LITTLE ROCK – Returning or exchanging gifts received during the holidays can be stressful and difficult if consumers do not educate themselves on company return policies before making purchases.

“An unknown and complicated return policy can spoil some of the holiday fun and hurt your pocketbook,” said Arkansas Attorney General Leslie Rutledge. “Arkansans should learn return policies prior to attempting returns. Some retailers generously allow shoppers to make returns for any reason, which can lead consumers to wrongly believe they are entitled, by law, to a full refund or credit, but that is not always the case.”

Attorney General Rutledge released the following tips for gift recipients needing to make a return or exchange this holiday season:

·       Ask the merchant about the store’s return or exchange policy.

·       Keep all gift and purchase receipts.

·       If considering returning, do not open the box or remove the tags.

·       Some online retailers allow purchases to be returned in-store, while others require the item to be shipped back. Check with the merchant ahead of time.

As a gesture of goodwill, most companies offer in-store exchanges if the customer has the receipt and the item is promptly returned. However, others have an “all sales are final” policy for deeply discounted or clearance items and do not allow returns or exchanges. Return policies not only differ from store to store but can also differ for items purchased in-store and items bought online or by mail order.
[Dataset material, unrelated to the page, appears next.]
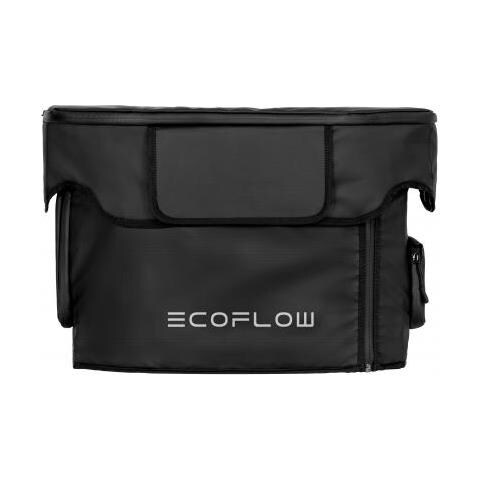 Borsa Per Delta Max - Nero - Foto 1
Some retailers that allow returns may charge restocking fees for certain products. Consumers can sometimes pay a fee of 10 to 25 percent of the price of the item if the package is not in the condition in which it was purchased. Meanwhile, items like computer software, CDs, DVDs and Blu-Ray discs are not generally returnable after the seal has been broken.

Retailers are not required to accept at-will returns, and even in the case of a defective product, consumers may be required to contact the manufacturer. Sometimes retailers will require consumers to deal with the product manufacturer directly, rather than simply returning the item to the place of purchase.

The National Retail Federation estimates holiday spending to increase at least 4.3 percent to $720.89 billion this year.